Olhos de Água chegou a dar na Venezuela na VTV (antes de passar a focar mais nas preocupações governamentais) e para a comunidade hispânica dos EUA através do "Latele Novela" (é mesmo assim que o canal assinou - não sei se ainda existe).

O canal romeno Acasa, da PRO TV (CME) emitiu vários produtos da TVI - Olhos de Água e Morangos com Açúcar. Morangos com Açúcar também já foi vendido para a China (!) e para o Brasil, onde a dobragem resultou nas suas fracas audiências.

A Única Mulher deu em França, mas não na França metropolitana (a que conhecemos), mas sim nos territórios do ultramar. Os ultramarinos já se renderam a Windeck e queriam um novo produto do género.

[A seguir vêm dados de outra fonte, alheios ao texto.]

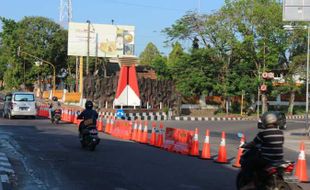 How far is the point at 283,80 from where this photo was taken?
61.5 meters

A M1 na Hungria (actualmente o canal de notícias do governo) chegou a emitir A Jóia de África e Inspector Max.

Também já ouvimos falar sobre as emissões de Laços de Sangue na Europa: na Bulgária (bTV Lady) e mais recentemente na Turquia (TV8) e na Polónia (TVP 1).

Já agora, já ouviram falar sobre a emissão de O Segredo, co-produção luso-brasileira da RTP, emitida no extinto (e falhado) canal TV JB, sobre a qual deram o nome de "Coração Navegador" e com as vozes portuguesas substituídas por dobragem brasileira?

Mets TV, SIM e Ambrósio gostam disto!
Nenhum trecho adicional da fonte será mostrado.